SOURCE MATERIAL:
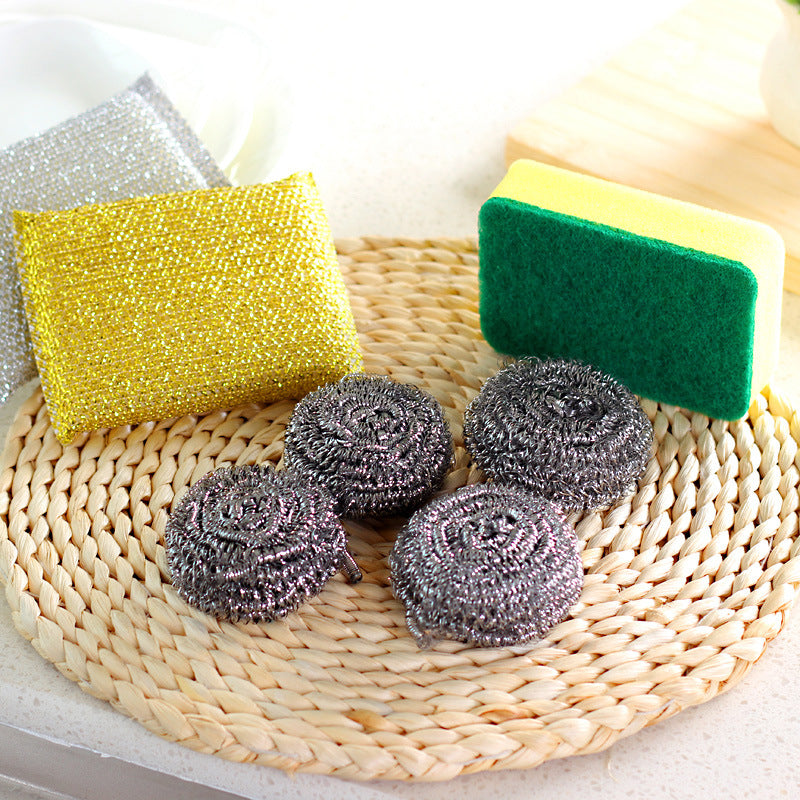 Two-Piece Kitchen Wire Cleaning Ball Nano Sponge Wipe Set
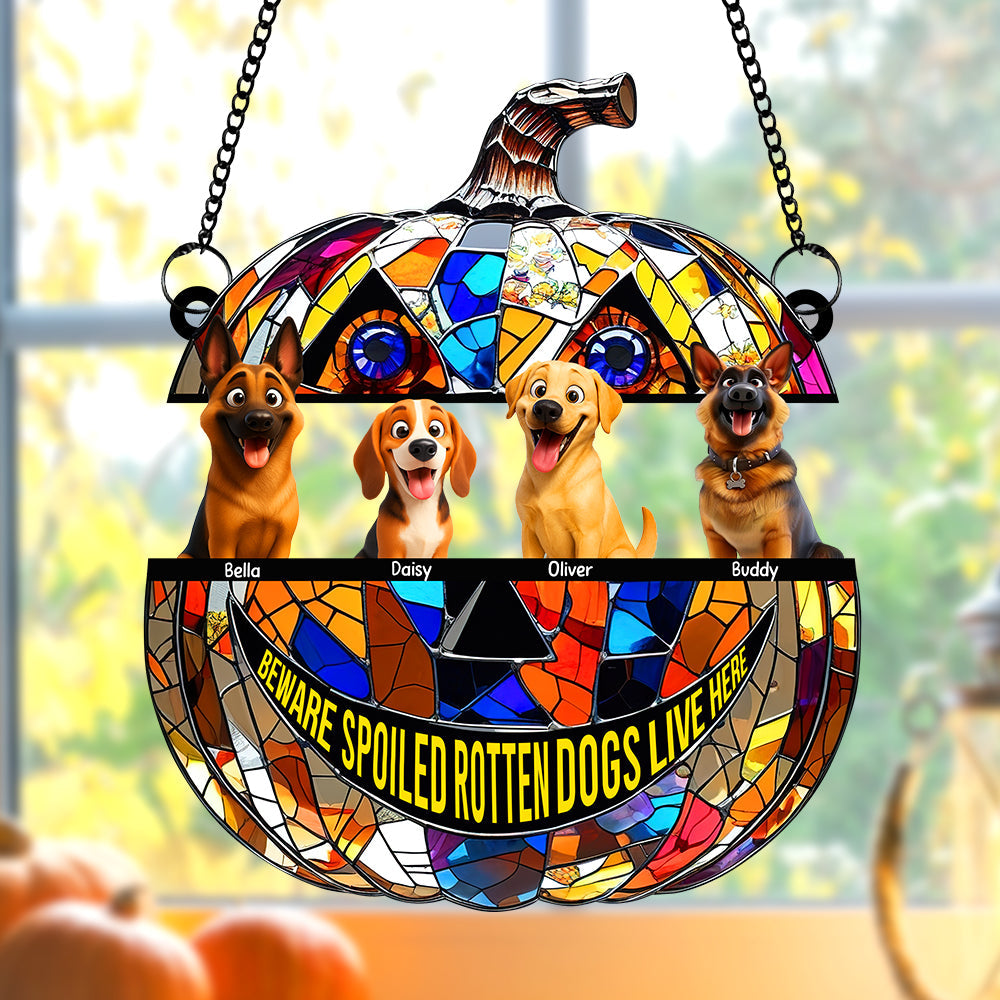 Pumpkin Suncatcher Ornament - Personalized Halloween Gifts For Dog Lovers 05tgqn090825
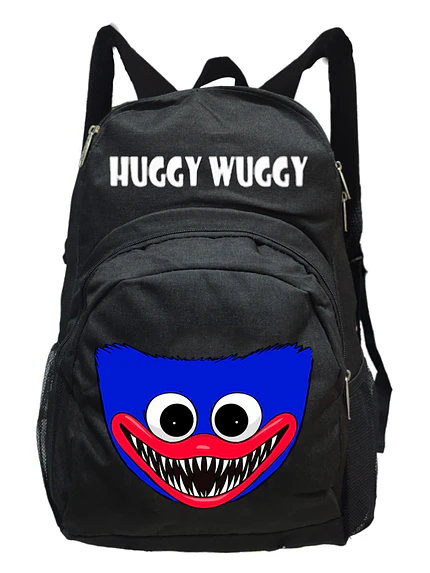 Mochila Poppy Huggy Wuggy Negra Niño Niña Calidad Grafimax 1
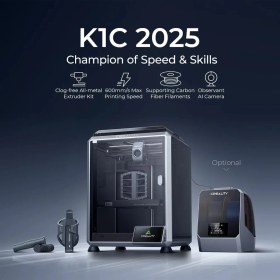 Resim Creality K1C 2025 3D Yazıcı, Cfs Çok Renkli Baskıyı Destekler, Otomatik Tesviye ve Aı Kamera, Hız 600 Mm/s, Yeni Başlayanlar ve Profesyoneller Için Baskı 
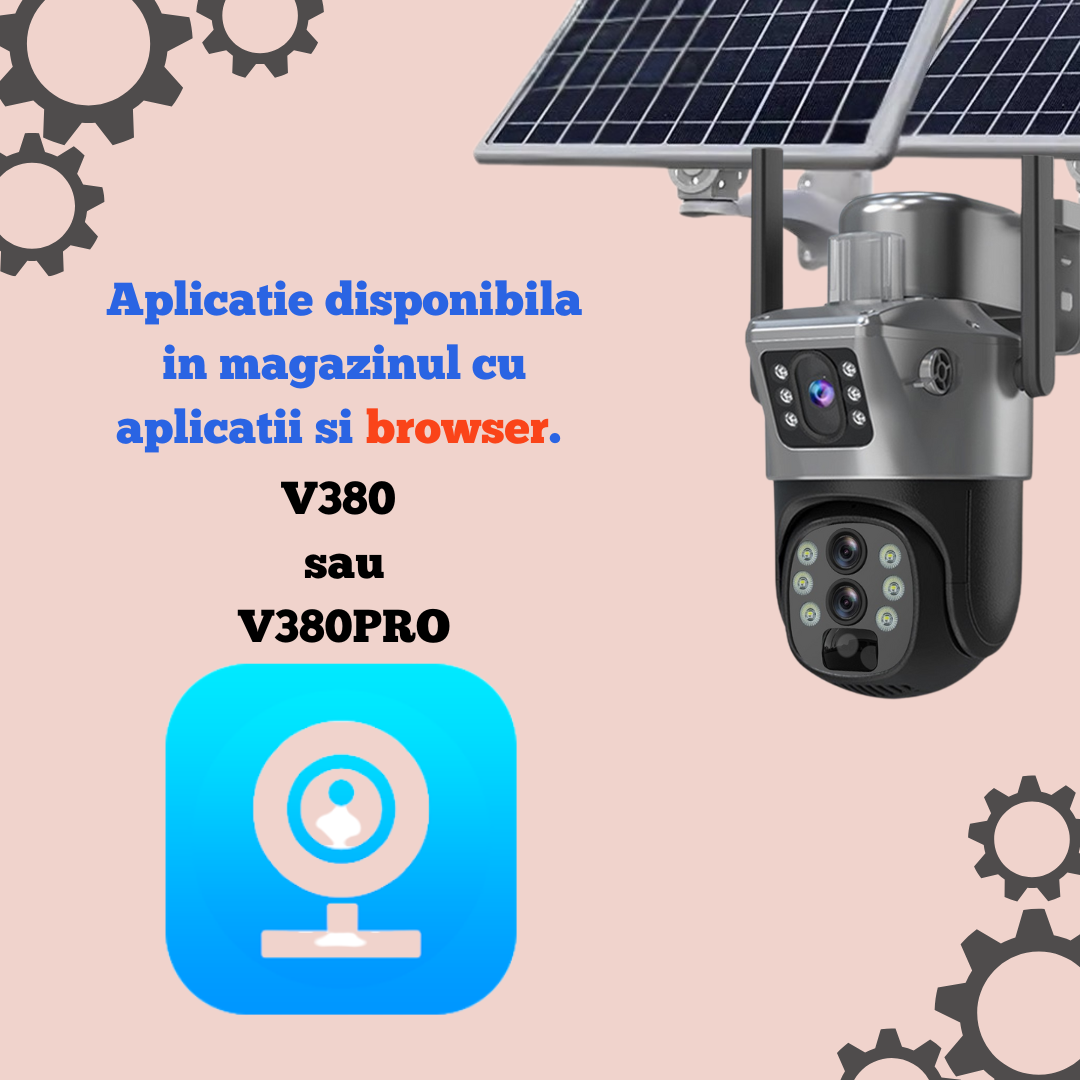 Camera supraveghere Gri 4G 4K ULTRA HD, 8MP, ZOOM 10X, 2 x Panou solar 10W, Rezistenta la apa IP66 + Card 64GB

WHAT IS REQUIRED: Copy out the entries verbatim and leave the images out.

RESULT BELOW:
 Two-Piece Kitchen Wire Cleaning Ball Nano Sponge Wipe Set
 Pumpkin Suncatcher Ornament - Personalized Halloween Gifts For Dog Lovers 05tgqn090825
 Mochila Poppy Huggy Wuggy Negra Niño Niña Calidad Grafimax 1
 Resim Creality K1C 2025 3D Yazıcı, Cfs Çok Renkli Baskıyı Destekler, Otomatik Tesviye ve Aı Kamera, Hız 600 Mm/s, Yeni Başlayanlar ve Profesyoneller Için Baskı 
 Camera supraveghere Gri 4G 4K ULTRA HD, 8MP, ZOOM 10X, 2 x Panou solar 10W, Rezistenta la apa IP66 + Card 64GB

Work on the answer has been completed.